● **WHAT TO PRODUCE**
Once the line containing "Koramil 05/Weru Bersama" is found in the entries below, restate it and each following line word for word, stopping after the line containing "Niña Caminar Jardín".

● **DATA PROVIDED**
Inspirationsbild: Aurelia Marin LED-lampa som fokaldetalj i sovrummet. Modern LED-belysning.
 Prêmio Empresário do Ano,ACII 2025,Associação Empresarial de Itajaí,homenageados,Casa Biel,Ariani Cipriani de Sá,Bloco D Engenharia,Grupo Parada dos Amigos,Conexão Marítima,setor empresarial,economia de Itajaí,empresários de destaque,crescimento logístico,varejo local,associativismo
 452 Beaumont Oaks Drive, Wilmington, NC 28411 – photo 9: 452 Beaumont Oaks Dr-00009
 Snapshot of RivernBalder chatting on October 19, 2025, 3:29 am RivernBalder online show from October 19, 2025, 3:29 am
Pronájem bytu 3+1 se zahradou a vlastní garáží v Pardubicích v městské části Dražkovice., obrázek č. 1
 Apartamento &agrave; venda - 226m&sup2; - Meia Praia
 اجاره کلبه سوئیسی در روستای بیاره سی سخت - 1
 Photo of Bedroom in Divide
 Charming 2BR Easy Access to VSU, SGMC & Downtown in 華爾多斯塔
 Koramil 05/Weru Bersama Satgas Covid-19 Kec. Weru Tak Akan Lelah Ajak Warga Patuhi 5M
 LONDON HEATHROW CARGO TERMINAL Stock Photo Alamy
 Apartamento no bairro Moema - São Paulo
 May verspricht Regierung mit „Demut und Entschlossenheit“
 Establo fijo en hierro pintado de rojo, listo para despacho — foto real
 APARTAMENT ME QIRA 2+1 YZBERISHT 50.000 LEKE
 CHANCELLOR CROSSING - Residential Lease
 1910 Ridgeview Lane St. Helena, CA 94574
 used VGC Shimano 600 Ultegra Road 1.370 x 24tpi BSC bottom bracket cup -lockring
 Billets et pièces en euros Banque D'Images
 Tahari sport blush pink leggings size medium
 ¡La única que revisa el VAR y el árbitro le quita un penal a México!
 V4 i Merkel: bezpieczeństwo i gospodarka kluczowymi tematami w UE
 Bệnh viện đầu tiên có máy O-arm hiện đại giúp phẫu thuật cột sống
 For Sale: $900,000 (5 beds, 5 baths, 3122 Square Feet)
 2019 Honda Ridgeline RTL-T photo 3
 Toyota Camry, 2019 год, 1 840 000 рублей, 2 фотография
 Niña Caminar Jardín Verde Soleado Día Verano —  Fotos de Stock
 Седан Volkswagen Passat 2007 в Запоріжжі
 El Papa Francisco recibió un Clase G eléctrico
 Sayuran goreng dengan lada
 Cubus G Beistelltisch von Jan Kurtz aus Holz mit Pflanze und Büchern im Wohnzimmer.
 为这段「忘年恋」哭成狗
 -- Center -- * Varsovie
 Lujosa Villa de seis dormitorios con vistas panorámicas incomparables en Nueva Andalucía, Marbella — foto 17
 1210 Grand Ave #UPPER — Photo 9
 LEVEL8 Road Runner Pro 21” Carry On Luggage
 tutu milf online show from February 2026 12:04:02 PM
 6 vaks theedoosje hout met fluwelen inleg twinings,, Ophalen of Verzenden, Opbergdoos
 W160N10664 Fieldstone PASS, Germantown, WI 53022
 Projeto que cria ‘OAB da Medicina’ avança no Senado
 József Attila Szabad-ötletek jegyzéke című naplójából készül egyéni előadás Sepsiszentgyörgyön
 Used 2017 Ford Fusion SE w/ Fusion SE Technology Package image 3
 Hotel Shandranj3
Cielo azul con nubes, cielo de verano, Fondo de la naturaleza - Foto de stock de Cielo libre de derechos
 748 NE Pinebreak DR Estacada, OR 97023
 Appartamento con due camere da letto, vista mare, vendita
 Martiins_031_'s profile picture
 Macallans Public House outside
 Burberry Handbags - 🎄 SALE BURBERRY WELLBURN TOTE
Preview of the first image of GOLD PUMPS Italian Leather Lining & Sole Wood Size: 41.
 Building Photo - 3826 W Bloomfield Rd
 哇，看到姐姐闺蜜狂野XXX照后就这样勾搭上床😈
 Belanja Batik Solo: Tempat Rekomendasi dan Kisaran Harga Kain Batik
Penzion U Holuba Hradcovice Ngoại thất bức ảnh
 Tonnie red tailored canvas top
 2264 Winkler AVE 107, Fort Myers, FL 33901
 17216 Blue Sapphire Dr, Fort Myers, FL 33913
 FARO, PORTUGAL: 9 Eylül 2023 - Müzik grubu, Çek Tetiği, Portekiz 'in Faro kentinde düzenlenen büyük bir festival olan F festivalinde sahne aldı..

● **RESULT OF THE EXERCISE**
 Koramil 05/Weru Bersama Satgas Covid-19 Kec. Weru Tak Akan Lelah Ajak Warga Patuhi 5M
 LONDON HEATHROW CARGO TERMINAL Stock Photo Alamy
 Apartamento no bairro Moema - São Paulo
 May verspricht Regierung mit „Demut und Entschlossenheit“
 Establo fijo en hierro pintado de rojo, listo para despacho — foto real
 APARTAMENT ME QIRA 2+1 YZBERISHT 50.000 LEKE
 CHANCELLOR CROSSING - Residential Lease
 1910 Ridgeview Lane St. Helena, CA 94574
 used VGC Shimano 600 Ultegra Road 1.370 x 24tpi BSC bottom bracket cup -lockring
 Billets et pièces en euros Banque D'Images
 Tahari sport blush pink leggings size medium
 ¡La única que revisa el VAR y el árbitro le quita un penal a México!
 V4 i Merkel: bezpieczeństwo i gospodarka kluczowymi tematami w UE
 Bệnh viện đầu tiên có máy O-arm hiện đại giúp phẫu thuật cột sống
 For Sale: $900,000 (5 beds, 5 baths, 3122 Square Feet)
 2019 Honda Ridgeline RTL-T photo 3
 Toyota Camry, 2019 год, 1 840 000 рублей, 2 фотография
 Niña Caminar Jardín Verde Soleado Día Verano —  Fotos de Stock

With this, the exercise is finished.